Ludovic Mohammed Zahed is a gay Muslim and expert on the Koran, and is expecting some backlash with the opening of his gay friendly mosque in Paris—Europe’s first. A brave soul, he says it will be as much a safe haven as a place for worship.
“We need to have a safe space for people who do not feel comfortable and at ease in normal mosques,” Zahed said in an interview with ABC News. “There are transgender people who fear aggression, women who do not want to wear head scarf or sit in the back of the mosque. This project gives hope back to many believers in my community.”
Set to open at the end of the month, “The Unity” mosque will be located in eastern Paris in a Buddhist temple, though the specific address is being kept a secret for now. Zahed’s goal is simple and includes “accepting everyone as equally God’s creation… I hope straight men will pray together with gay men and women, everyone.”

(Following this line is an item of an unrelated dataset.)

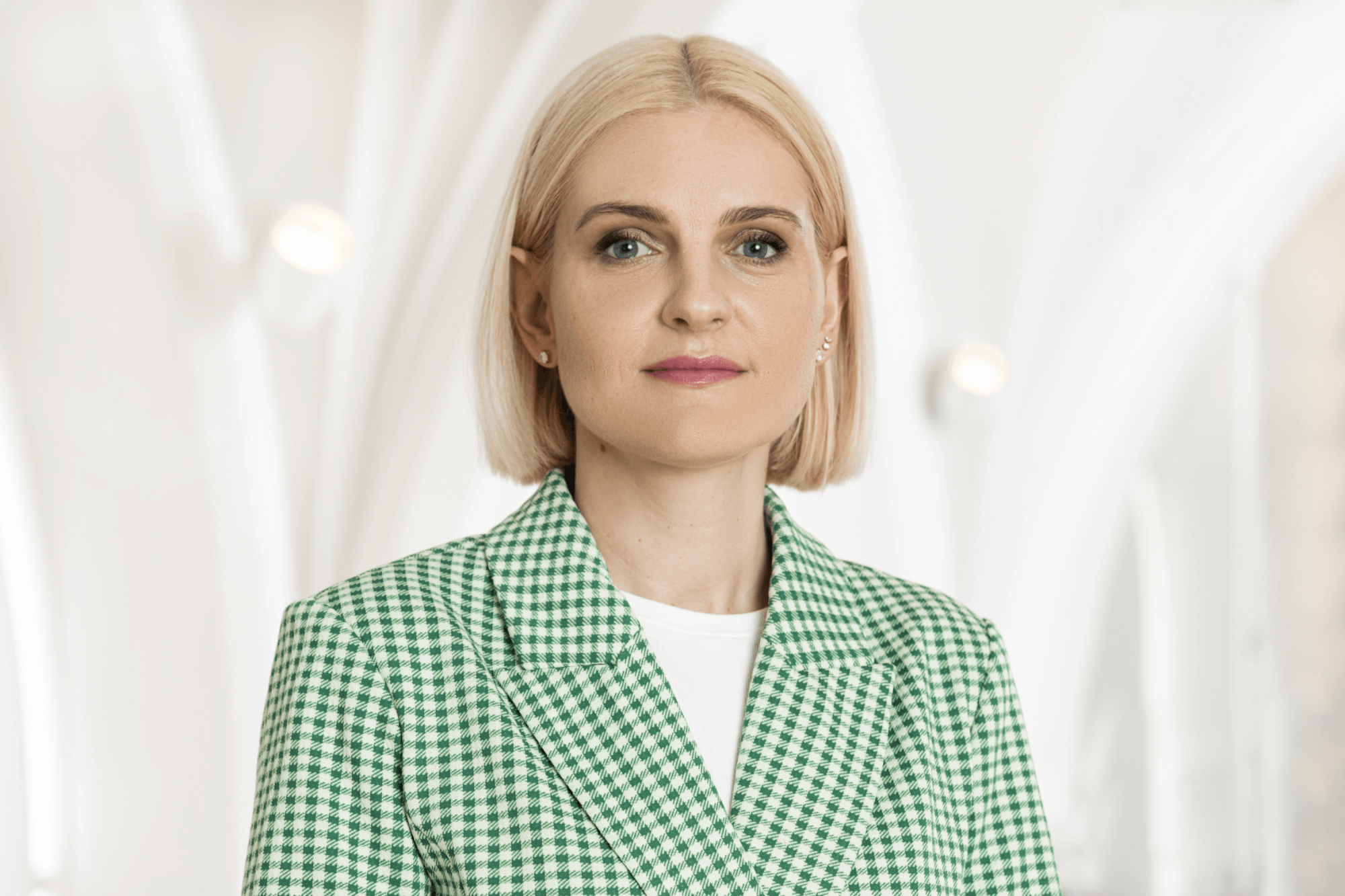 Agnese Šķēle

Unlike most current Islamic views, Zahed does not condemn being gay (and is so himself). In fact, Zahed was the first French man to be married to his same sex partner in a Muslim ceremony. He says that “nothing in Islam or the Koran forbids homosexuality. Indeed, for centuries, Muslims did not consider homosexuality to be the supreme abomination that they do today.” He argues that it has only been demonized with European colonization.
“The Unity” will be one of just 21 gay mosques in the world. In countries dominated by Islam, homosexuality is a crime that warrants severe punishment, as is any activism or advocacy for gay rights. But Zahed hopes to form a mosque that sheds the discriminations based on gender and transcends sexual orientation. After the mosque in Paris, Zahed hopes to open one in the UK and another in Denmark.